### Task requirements
Once the pictures are removed, restate the data below word for word.

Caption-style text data
+===+

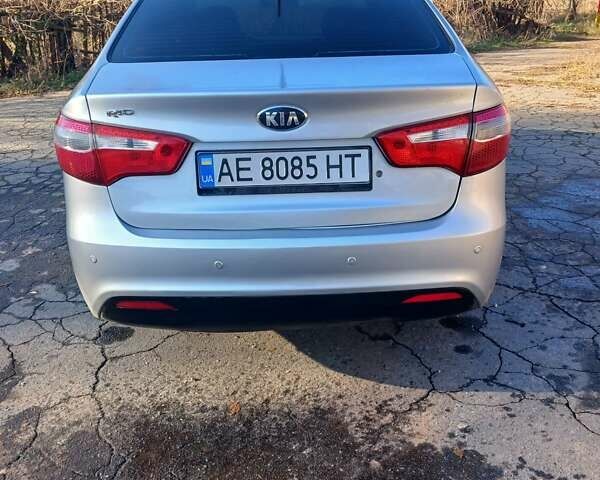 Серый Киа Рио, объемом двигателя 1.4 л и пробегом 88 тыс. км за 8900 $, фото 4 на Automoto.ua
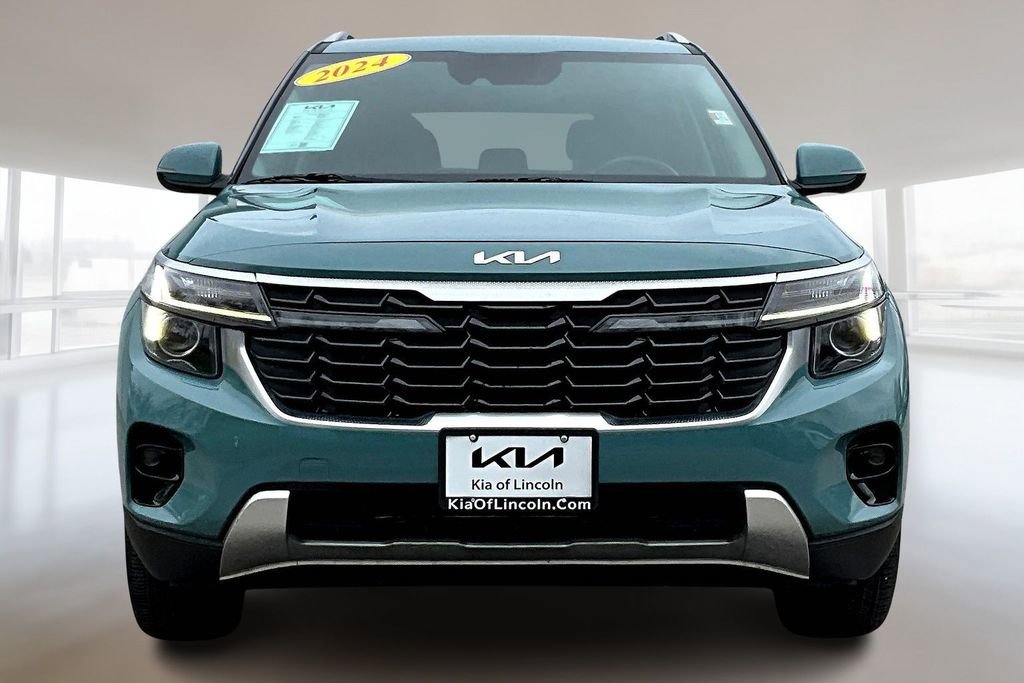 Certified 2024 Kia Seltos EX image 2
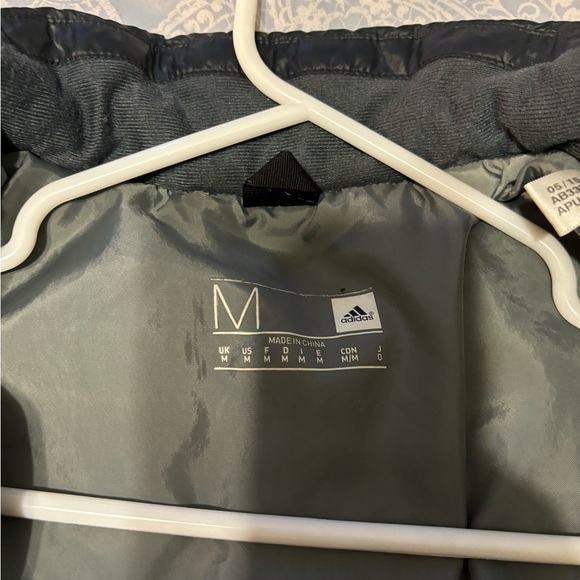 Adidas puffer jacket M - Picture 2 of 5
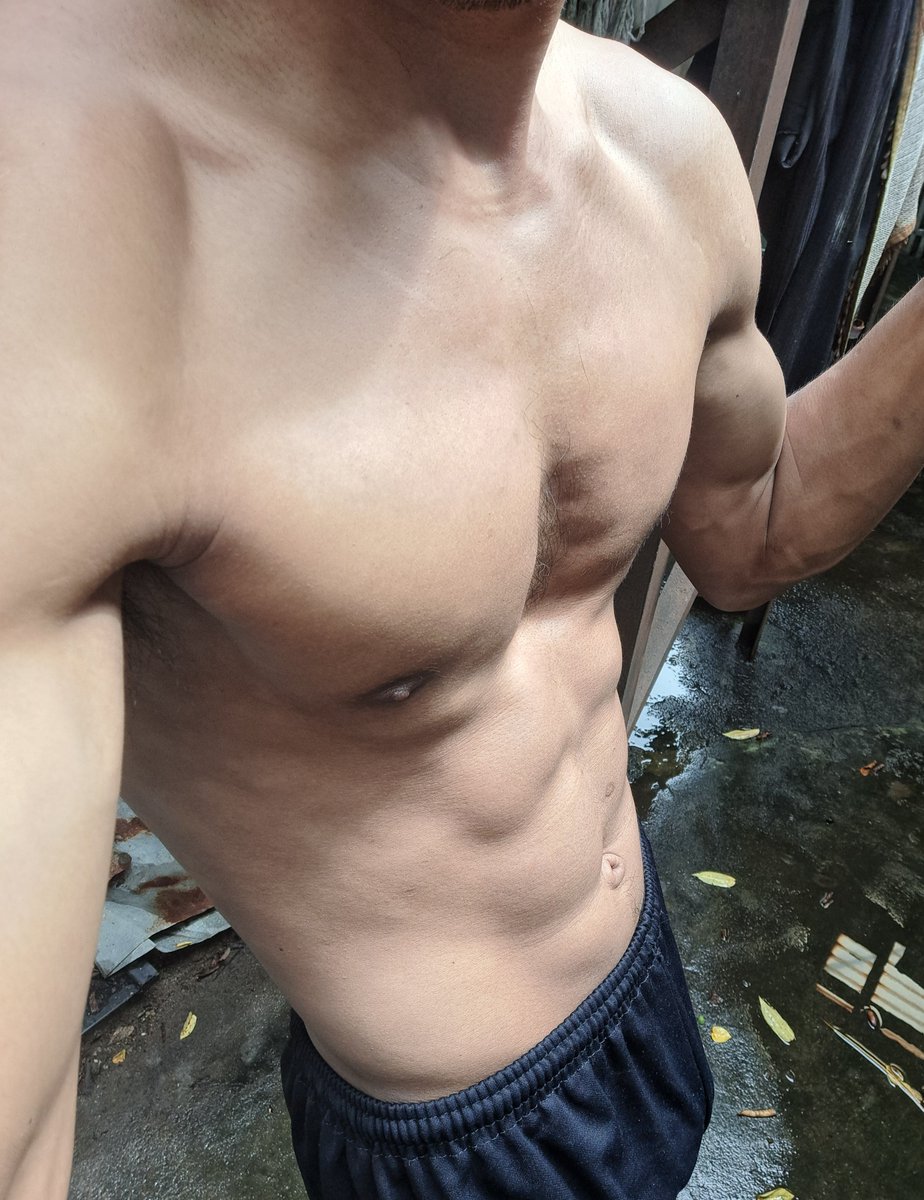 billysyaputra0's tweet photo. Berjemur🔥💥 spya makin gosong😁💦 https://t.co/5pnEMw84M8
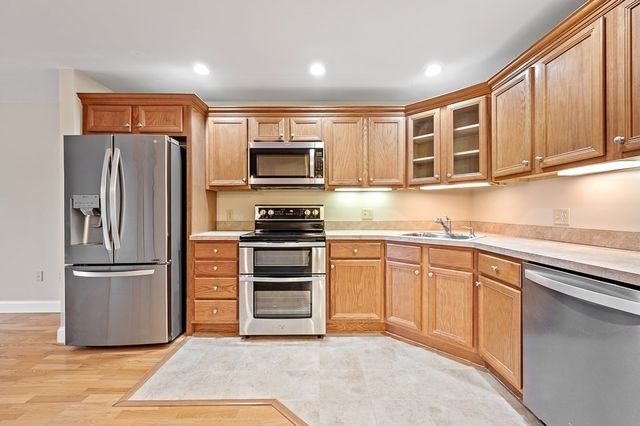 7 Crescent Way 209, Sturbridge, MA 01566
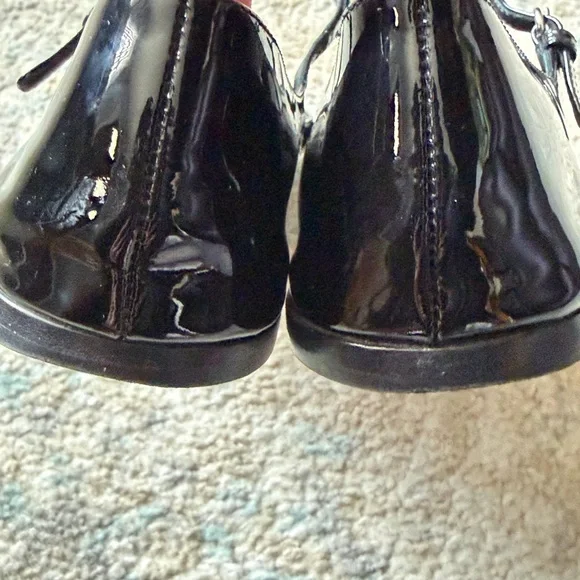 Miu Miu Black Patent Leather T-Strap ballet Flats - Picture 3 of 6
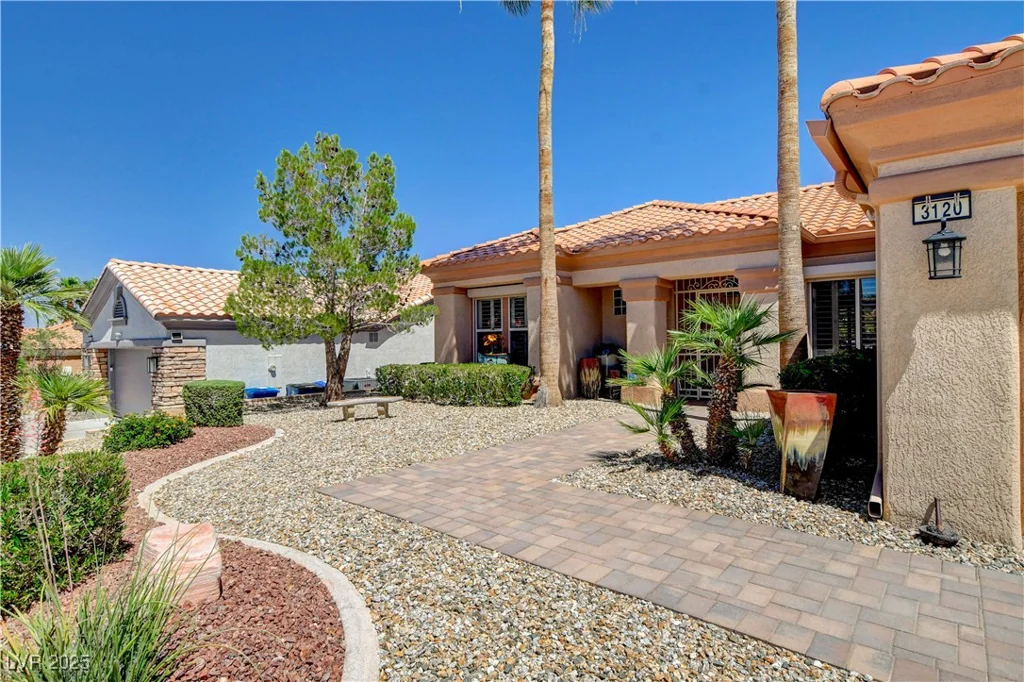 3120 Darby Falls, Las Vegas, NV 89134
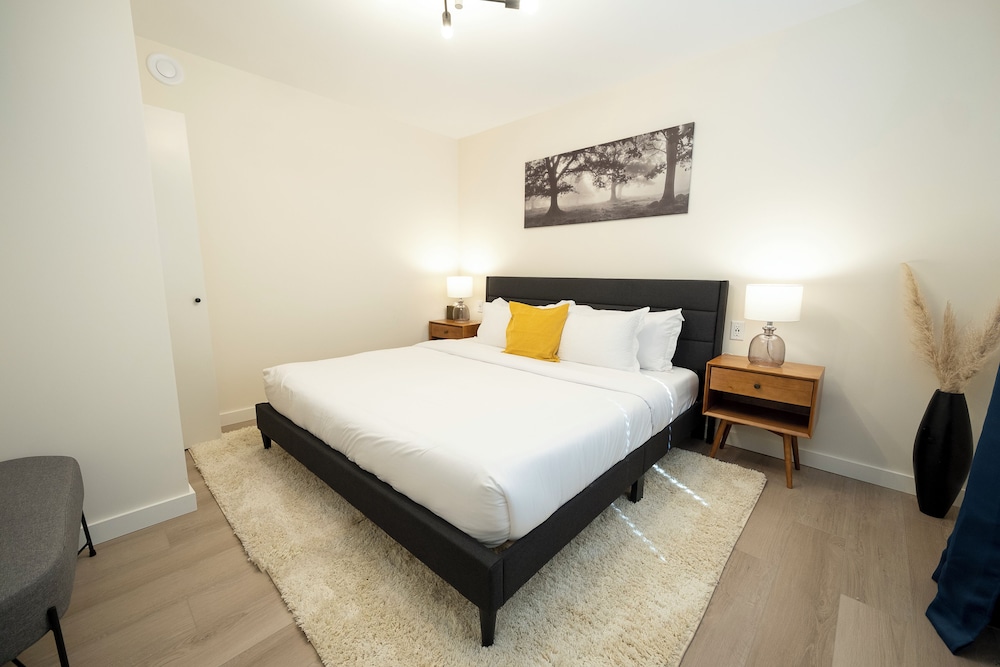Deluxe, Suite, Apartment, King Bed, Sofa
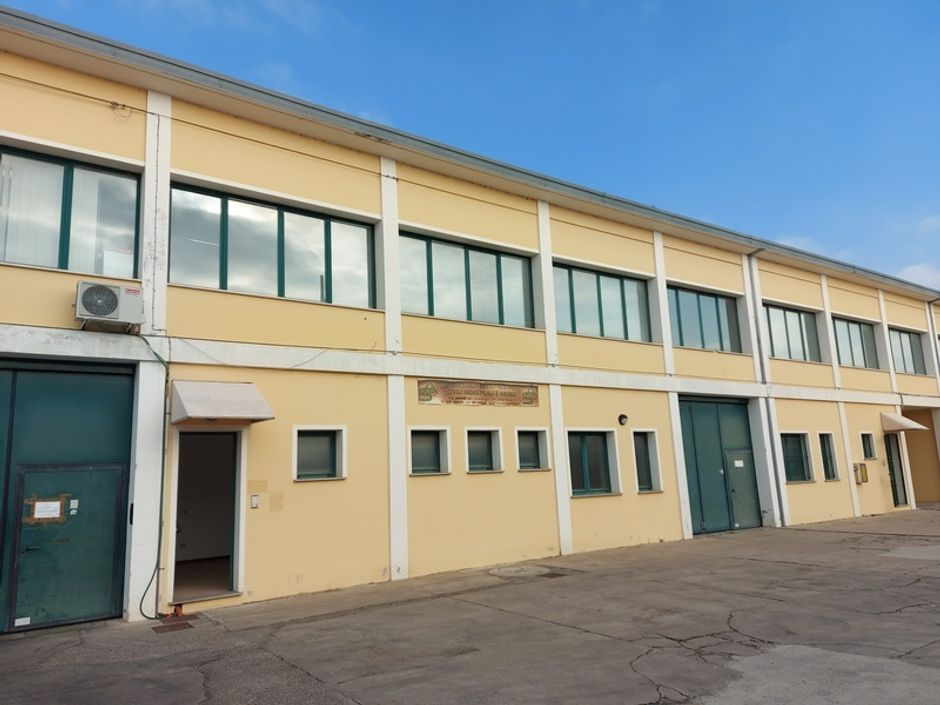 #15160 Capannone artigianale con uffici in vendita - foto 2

+===+

### Finished task
 Серый Киа Рио, объемом двигателя 1.4 л и пробегом 88 тыс. км за 8900 $, фото 4 на Automoto.ua
 Certified 2024 Kia Seltos EX image 2
 Adidas puffer jacket M - Picture 2 of 5
 billysyaputra0's tweet photo. Berjemur🔥💥 spya makin gosong😁💦 https://t.co/5pnEMw84M8
 7 Crescent Way 209, Sturbridge, MA 01566
 Miu Miu Black Patent Leather T-Strap ballet Flats - Picture 3 of 6
 3120 Darby Falls, Las Vegas, NV 89134
Deluxe, Suite, Apartment, King Bed, Sofa
 #15160 Capannone artigianale con uffici in vendita - foto 2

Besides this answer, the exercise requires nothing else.